On 1/30/2006 at 12:19 AM Don North wrote:
And once I learned Perl I stopped writing in any other
language ...
except macro-11 that is .
Not to seem too flip, but the next time I need a Windows device driver, I
should wirte it in Perl?
.
I first learned to program in high school in IITRAN
running RJE paper
tapes via an ASR33 to the IIT Univac 1108...
I blame IITRAN for getting me interested in computer programming. I was an
undergrad in physics at IIT getting very bored, when I looked over the
shoulder of a classmate during a lecture and later asked him what I was
doing. I borrowed the text and finished it in an evening--that Monday I
caged a job card and wrote my own program to run on the (bright and shiny
new) 360/40. I enrolled in an introductory FORTRAN course and used it to
teach myself 360 Assembler and work my way through a supervisor dump. I
got to be persona non grata in the very small IIT computer center, but hey,
it was the 60's. There was really no program of computer study then, so
transfered to Purdue (at the expense my scholarship). My parents were
furious--my father told me that working with computers was a low-grade
clerical job that no one in his right mind would give up a career in
Physics for. Oddly, I realize that if I had a child making the same
career decision today, I'd have the same problem as my father.

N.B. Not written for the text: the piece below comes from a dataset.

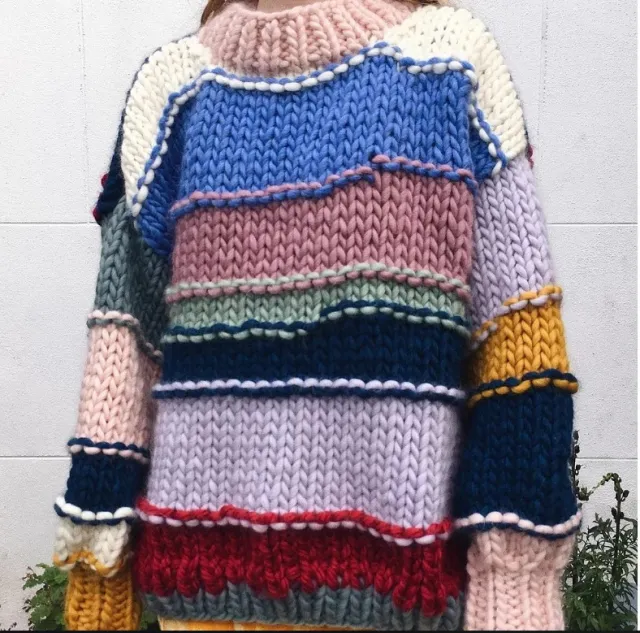 Hand woven Rainbow Striped Contrast Color Sweater Coat - Shop at LoveMi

My experience with Unix goes back to about 1980, when, I suspect I was part
of a group that did the first port of the Xenix kernel to the 286 (Later,
when my colleagues and I were working up FORTRAN compiler for the ETA-10,
we used a VAX 11/750 running 4.2BSD as a development platform. It seemed
to be the right tool for the job, absent access to larger hardware. I
wrote plenty of (insert the name of a monosyllabic Unix utility). I still
do, occasionally, if what I want to do is suited to it. But when I look
over the detritus of code that I've written over the years, it's usually
the FORTRAN or C code that gets reused after more than a decade has passed
by. Most of my systems have a Linux boot partition on them--but Windows is
what gets booted by default.
Recently, I was going through old media and found an 8" CP/M diskette with
a ISIS-II--CP/M disk conversion utility on it. Written in FORTRAN, with a
very few assembly subroutines (to do basic disk I/O). Probably written in
the days of Jimmy Carter, it still is quite readable, even thought I've
forgotten most everthing I've ever known about ISIS-II disk structure.
OTOH, I don't have any later awk, sed, lex... code that's even 20 years
old--quite a few makefiles, though and lots of C code.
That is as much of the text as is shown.